La celebración esencial del Jueves es la santa Cena. Cena y cruz es lo mismo. En la cruz Jesús dio su vida por nosotros. La cena es “mi cuerpo entregado” y “mi sangre derramada” por vosotros. El “tomad y comed… tomad y bebed” el mismo cuerpo y la misma sangre nos dan cuenta de ello si tomamos literalmente las palabras de Jesús. La sublimidad de una entrega tan radical quedó perpetuada no por una fotografía, como se suele hacer hoy en las bodas, sino por una rememoración efectiva de la realidad misma, no de forma cruenta, sino incruenta. En la misa tenemos no los efectos de la redención, sino la redención misma, el suceso de la cruz re-presentado y actualizado de forma sacramental.
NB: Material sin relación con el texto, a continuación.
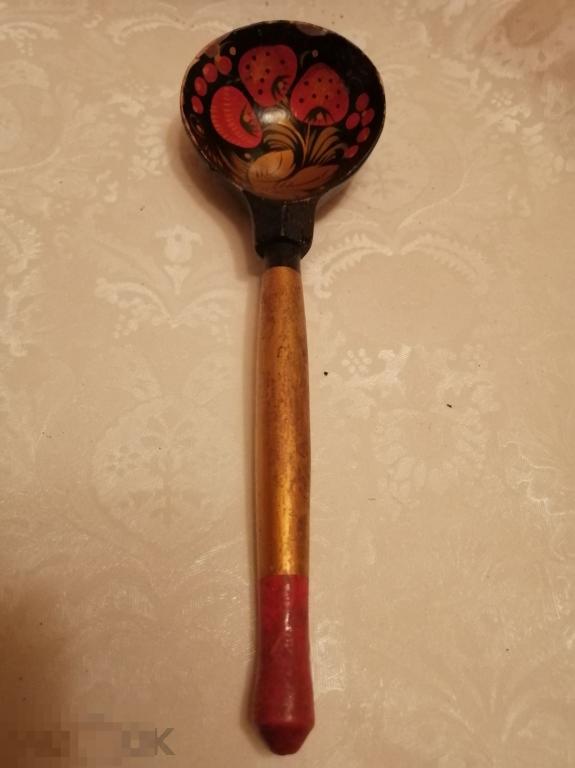 Деревянная ложка,ручная роспись, хохлома. (сувениры). 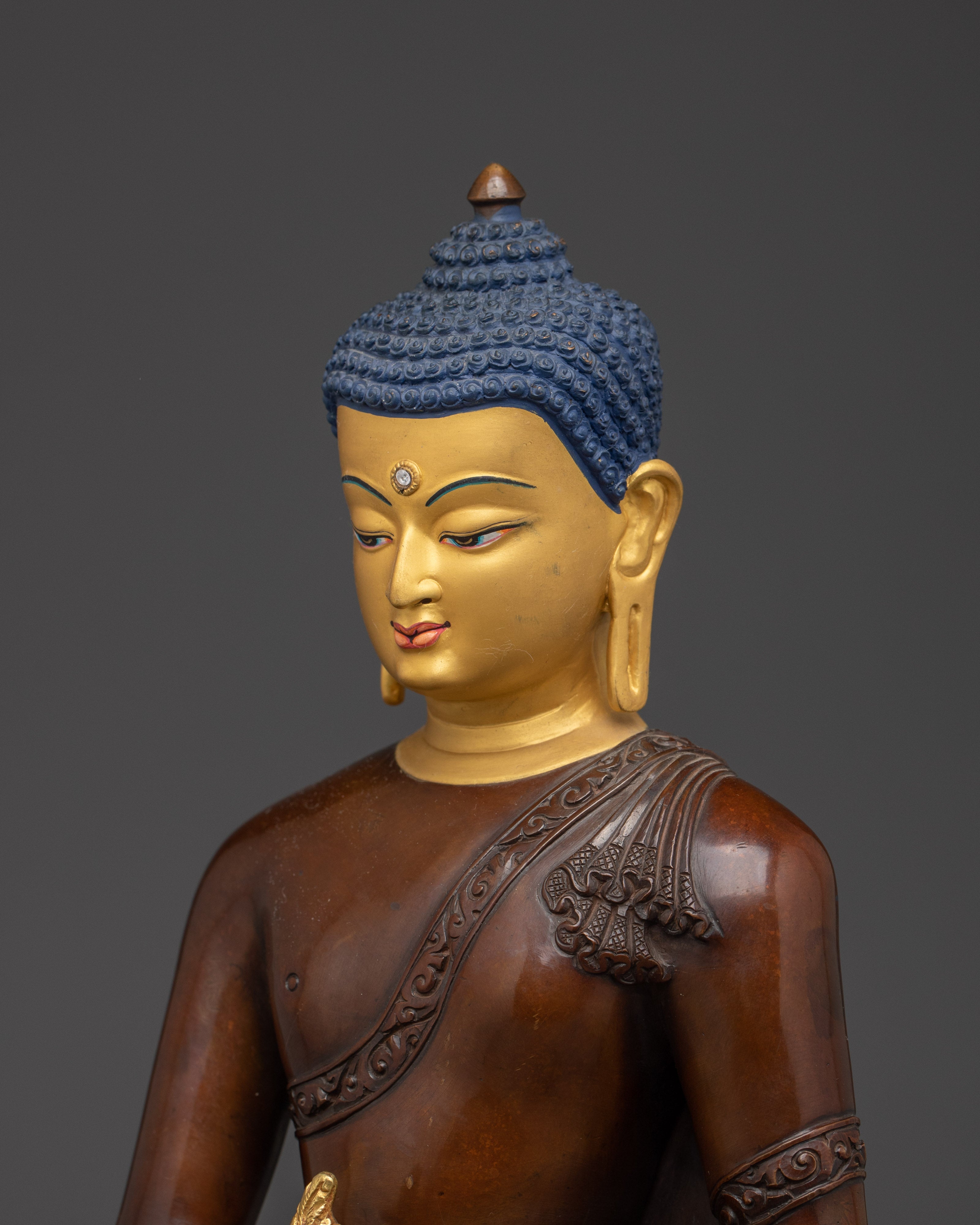 Divine Healer Medicine Buddha Statue | Bhaisajyaguru Artwork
Pero advirtamos que la eucaristía no solo hace el cuerpo de Cristo en las especies del pan y vino, sino también, y sobre todo, en la comunidad, en las personas. La eucaristía nos hace a nosotros Cuerpo de Cristo, concorpóreos suyos. Y la comunión de todos en un mismo cuerpo es la caridad, la concordia, la unión efectiva y afectiva. La eucaristía es esencialmente la construcción de la  comunidad en el amor y la paz. Quien se siente Cristo en su jueves santo, se deja sustituir por él, hace lo mismo que él hizo, derrama su vida por los demás, construye la comunidad en la fraternidad y la paz. Celebrar el rito y no su contenido es prostituir la eucaristía, tanto más cuanto más “piadosa”, o “solemne”, o ritual parezca. La verdadera eucaristía, vista en lo primordial y esencial de su contenido, es hacernos pan de los otros, derramarnos en ellos sin condiciones, ser siempre positivos, incluso con los que nos ofenden, relacionarnos siempre desde la gratuidad y no por interés, amar incondicionalmente sin tener en cuenta la ignominia. La verdadera eucaristía no se agota en una materia sagrada: comprende esencialmente la acción de entregarse a los otros y de ser uno con ellos. No se puede recibir la comunión y no ser comunión. Cristo adquiere un cuerpo no solo bajo la figura de pan, sino también bajo la forma de la comunidad, de los otros.  Jesús, al instituir la cena, no se dirige a los elementos, sino a las personas. Es impensable recibir el cuerpo de Cristo y rechazar a los otros, porque ellos son el cuerpo de Cristo. “Un solo cuerpo somos porque todos participamos de un mismo pan” (1 Cor 10,17). Hoy es Jueves santo si amamos y en la medida en que amamos a los otros. Cristo nos conceda la ilusión de ser su eucaristía sintiéndonos pan y comida para los demás.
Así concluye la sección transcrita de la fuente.